Before delving into these characteristics, it's important to unravel the mystery of why an author would name his poem by a number. The truth of the matter is that the ever-gifted Shakespeare is credited with having written 154 sonnets. A sonnet is a 14-line poem of Italian origin with a fixed rhyme scheme written in iambic pentameter. It is often divided into a significant group of eight lines (octave) and a major group of six lines (sestet) (Dictionary.com). Love is the dominant theme in these sonnets. However, other sub-themes emerge and run through various poems such as life, beauty, and desire. The majority of the sonnets including sonnet 116 are addressed to a young man while the rest have a dark-skinned woman as the audience. Thus the sonnets are numbered sonnet 1 to sonnet 154 hence sonnet 116 (Shakespeare Online).

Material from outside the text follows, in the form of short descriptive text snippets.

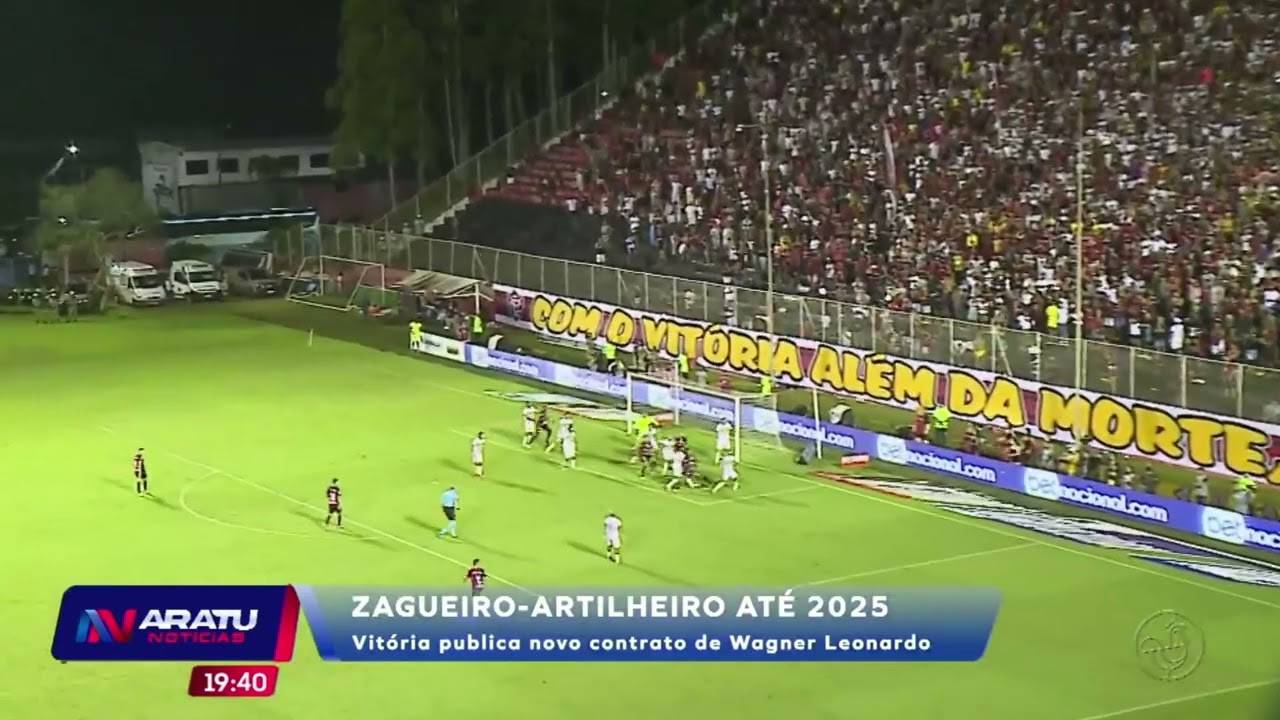 Zagueiro-Artilheiro até 2025: Vitória publica novo contrato de Wagner Leonardo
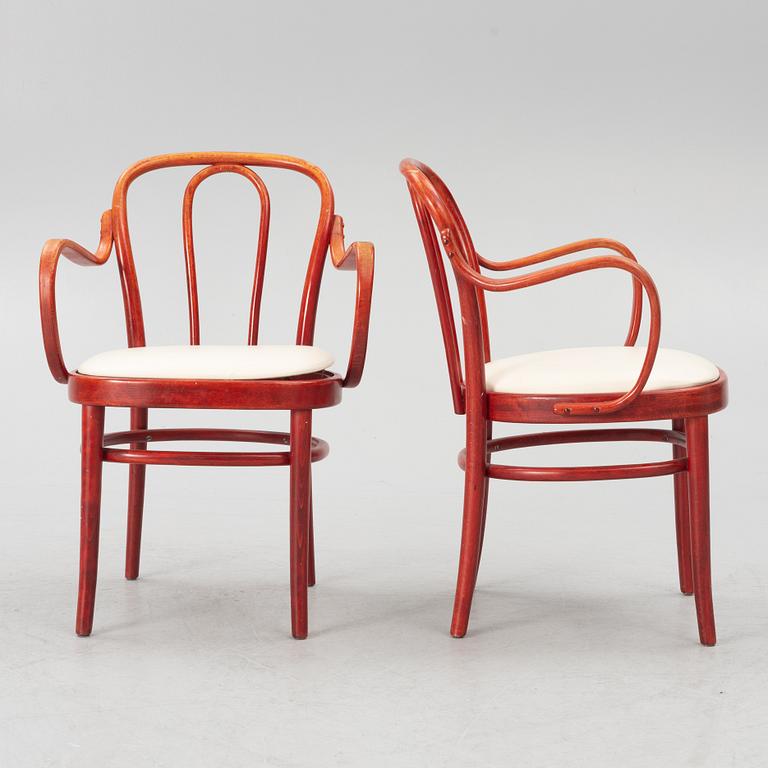 Seven armchairs, "Wien", Gemla, second half of the 20th century.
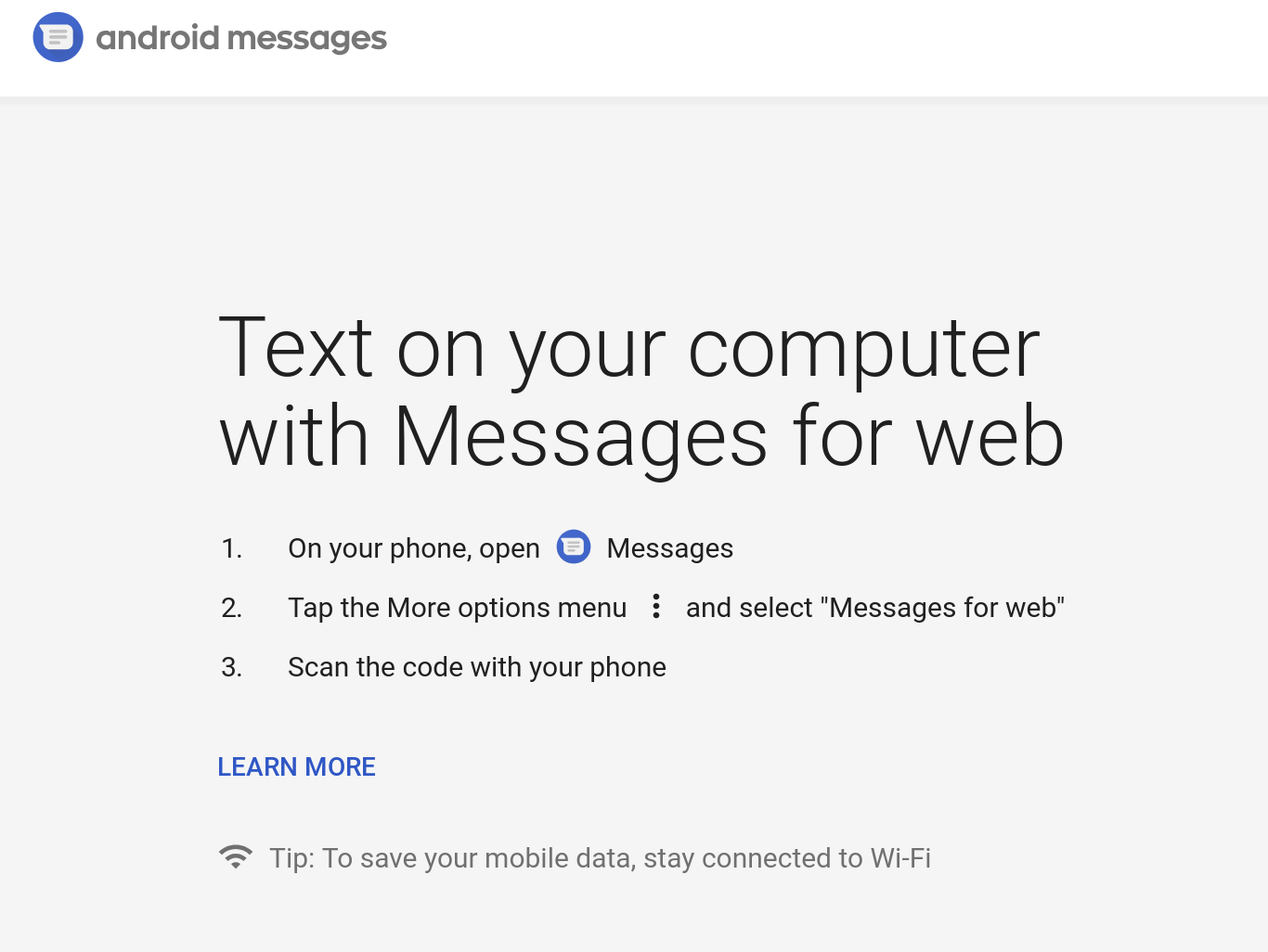 Google rolls out Android Messages support for Chromebooks and web browsers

Now you may question what the word 'marriage' is doing in the first line if the poem is about love. Overall, we know the poem talks about love, but the word love is missing. Instead, Shakespeare makes use of the words 'true minds' which he connects to the word 'marriage.' Shakespeare's distinct choice of words or diction aptly captures the ultimate ideal love for any person in love. What is more fulfilling, more satisfying, and more gratifying than ending up by your lover's side to be joined together in holy matrimony? It's as if Shakespeare is saying that if love will not translate into marriage, then it never was or it was a travesty of 'marriage' justice. So, if two people genuinely love each other, nothing should stand in the way. Why? Because, according to Shakespeare, they are not just like-minded, but each one's heart is true to the other's heart.
Being the skilled wordsmith that he was, Shakespeare allows the first line to drop into the second line by use of an enjambement. Using an enjambement here is critical because it ushers in the writer's mastery of language where he allows for a freer and more natural flow of his theme of love. It is at this juncture that the word and concept of 'love' is introduced in a double sense. When he says, "Love is not love" the word love is repeated and negated, and again mentioned soon after he mentions marriage in yet another enjambement. Now it becomes natural for us to connect the word 'marriage' with the word "impediments." The Cambridge Academic Content Dictionary describes 'impediment' as "something that makes progress or movement difficult or impossible." What has marriage got to do with impediment? It's simple. If you truly love someone, then there are no barriers, no obstacles, and no restrictions that should hinder you from committing yourself to loving someone forever.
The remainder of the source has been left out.